**SUPPLIED ENTRIES**
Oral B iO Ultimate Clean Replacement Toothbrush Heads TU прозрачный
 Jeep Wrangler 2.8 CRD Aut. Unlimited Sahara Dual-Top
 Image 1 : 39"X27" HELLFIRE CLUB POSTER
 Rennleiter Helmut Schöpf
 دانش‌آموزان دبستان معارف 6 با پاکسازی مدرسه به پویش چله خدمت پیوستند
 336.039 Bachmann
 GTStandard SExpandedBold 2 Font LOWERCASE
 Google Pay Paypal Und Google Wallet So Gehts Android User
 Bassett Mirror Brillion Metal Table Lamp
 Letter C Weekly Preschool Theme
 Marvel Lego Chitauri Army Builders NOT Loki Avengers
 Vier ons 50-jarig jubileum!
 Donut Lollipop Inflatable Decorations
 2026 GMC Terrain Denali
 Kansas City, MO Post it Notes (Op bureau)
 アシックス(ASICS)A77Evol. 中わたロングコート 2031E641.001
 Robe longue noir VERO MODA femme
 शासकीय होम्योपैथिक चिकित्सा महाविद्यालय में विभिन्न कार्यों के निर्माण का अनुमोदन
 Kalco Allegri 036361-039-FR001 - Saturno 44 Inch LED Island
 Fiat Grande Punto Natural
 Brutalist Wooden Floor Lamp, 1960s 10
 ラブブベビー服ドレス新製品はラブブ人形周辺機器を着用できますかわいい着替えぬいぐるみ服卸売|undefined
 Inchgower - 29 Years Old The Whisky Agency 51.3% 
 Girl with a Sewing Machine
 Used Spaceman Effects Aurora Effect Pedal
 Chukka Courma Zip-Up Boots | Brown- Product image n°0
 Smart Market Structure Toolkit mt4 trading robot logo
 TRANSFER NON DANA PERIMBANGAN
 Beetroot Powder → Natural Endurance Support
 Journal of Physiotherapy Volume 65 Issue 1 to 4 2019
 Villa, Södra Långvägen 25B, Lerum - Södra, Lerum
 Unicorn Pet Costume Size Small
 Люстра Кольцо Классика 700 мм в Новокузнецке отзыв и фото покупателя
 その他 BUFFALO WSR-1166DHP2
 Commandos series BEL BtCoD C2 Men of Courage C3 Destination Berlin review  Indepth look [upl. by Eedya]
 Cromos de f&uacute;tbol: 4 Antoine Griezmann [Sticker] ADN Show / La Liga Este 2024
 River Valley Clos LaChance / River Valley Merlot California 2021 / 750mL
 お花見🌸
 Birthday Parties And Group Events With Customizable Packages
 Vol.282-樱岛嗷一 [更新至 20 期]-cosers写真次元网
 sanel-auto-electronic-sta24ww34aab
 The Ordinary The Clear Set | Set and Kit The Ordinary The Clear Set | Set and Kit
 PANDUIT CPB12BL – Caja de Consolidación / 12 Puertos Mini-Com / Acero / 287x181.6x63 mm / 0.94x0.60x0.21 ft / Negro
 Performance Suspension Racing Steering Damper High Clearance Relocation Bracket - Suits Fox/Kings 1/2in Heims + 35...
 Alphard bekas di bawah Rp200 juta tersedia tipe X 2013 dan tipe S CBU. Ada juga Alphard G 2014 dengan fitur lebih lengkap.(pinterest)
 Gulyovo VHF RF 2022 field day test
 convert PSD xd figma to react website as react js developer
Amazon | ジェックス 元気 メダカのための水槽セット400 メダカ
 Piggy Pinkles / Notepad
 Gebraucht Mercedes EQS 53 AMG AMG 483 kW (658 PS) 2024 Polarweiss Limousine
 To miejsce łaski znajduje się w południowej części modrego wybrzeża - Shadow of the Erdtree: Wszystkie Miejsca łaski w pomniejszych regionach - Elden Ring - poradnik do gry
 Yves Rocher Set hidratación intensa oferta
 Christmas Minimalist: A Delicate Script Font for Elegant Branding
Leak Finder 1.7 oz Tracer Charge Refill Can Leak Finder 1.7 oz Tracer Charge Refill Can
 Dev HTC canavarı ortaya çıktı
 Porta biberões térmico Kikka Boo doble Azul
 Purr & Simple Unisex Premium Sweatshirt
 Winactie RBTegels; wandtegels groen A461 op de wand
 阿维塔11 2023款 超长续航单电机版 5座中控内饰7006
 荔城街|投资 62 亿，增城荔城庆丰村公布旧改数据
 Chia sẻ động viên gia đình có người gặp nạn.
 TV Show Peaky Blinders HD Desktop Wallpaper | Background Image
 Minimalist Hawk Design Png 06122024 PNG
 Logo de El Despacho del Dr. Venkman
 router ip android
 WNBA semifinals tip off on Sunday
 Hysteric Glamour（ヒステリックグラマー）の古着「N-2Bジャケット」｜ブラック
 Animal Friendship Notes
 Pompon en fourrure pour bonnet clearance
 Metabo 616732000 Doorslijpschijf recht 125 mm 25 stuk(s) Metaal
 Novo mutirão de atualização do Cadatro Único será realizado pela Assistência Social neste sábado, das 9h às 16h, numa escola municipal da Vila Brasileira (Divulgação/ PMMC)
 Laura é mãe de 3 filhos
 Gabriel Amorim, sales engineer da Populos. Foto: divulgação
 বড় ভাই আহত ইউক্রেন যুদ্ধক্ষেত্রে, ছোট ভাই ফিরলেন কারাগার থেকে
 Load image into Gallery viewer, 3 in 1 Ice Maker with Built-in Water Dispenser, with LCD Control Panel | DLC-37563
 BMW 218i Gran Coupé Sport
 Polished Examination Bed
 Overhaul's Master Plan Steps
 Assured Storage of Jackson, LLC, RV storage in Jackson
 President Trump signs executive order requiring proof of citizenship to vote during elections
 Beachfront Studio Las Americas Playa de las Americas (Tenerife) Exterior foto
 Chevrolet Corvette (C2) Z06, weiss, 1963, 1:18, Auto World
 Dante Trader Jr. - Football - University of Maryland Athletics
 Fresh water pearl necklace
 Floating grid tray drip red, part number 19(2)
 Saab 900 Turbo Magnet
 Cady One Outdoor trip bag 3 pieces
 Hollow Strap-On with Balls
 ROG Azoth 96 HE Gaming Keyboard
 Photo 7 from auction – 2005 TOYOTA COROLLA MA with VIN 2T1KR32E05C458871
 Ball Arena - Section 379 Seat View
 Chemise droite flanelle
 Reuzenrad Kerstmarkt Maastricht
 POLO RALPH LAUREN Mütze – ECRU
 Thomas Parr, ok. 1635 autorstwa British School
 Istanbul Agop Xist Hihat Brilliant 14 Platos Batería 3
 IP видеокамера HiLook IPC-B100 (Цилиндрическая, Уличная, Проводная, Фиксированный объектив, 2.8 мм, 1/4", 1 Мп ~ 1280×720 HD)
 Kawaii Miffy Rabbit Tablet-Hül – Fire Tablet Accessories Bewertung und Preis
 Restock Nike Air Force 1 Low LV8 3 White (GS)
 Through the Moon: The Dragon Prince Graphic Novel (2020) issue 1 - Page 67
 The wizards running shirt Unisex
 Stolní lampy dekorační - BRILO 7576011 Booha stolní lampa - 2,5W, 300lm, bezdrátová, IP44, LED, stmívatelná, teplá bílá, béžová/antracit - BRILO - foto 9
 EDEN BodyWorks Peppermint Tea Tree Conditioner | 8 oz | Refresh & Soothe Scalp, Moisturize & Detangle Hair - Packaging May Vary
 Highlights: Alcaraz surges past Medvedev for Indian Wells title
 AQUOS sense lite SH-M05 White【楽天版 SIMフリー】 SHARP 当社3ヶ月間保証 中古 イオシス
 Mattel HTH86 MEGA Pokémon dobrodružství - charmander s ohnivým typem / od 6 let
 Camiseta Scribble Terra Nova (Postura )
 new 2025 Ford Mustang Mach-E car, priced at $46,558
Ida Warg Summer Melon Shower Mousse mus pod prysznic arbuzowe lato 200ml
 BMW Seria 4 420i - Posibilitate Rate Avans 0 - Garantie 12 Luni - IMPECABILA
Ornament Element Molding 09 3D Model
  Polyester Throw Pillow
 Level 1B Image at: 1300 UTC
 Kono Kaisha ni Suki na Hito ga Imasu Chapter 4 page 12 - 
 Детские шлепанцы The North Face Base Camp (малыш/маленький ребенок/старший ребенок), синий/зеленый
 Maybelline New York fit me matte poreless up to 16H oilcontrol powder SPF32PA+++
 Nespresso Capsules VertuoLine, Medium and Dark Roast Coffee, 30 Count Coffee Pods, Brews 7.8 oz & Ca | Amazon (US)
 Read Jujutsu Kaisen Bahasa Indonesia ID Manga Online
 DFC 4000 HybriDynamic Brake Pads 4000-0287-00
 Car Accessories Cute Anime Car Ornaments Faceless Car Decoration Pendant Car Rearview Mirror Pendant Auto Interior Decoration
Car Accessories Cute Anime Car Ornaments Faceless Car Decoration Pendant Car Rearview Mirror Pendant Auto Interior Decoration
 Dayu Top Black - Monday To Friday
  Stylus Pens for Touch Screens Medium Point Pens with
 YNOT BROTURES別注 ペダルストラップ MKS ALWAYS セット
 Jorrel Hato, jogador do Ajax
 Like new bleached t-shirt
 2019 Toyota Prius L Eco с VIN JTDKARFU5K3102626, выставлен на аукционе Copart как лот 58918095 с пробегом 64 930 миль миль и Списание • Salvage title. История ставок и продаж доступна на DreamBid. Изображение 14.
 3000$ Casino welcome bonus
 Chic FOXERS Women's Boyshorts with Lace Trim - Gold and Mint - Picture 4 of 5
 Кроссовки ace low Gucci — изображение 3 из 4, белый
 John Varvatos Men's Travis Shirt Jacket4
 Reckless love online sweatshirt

**EXERCISE PROMPT**
Write down exactly the span of lines above from the one containing "Unicorn Pet Costume Size Small" to the one containing "Commandos series BEL", both ends included.

**ANSWER SECTION**
 Unicorn Pet Costume Size Small
 Люстра Кольцо Классика 700 мм в Новокузнецке отзыв и фото покупателя
 その他 BUFFALO WSR-1166DHP2
 Commandos series BEL BtCoD C2 Men of Courage C3 Destination Berlin review  Indepth look [upl. by Eedya]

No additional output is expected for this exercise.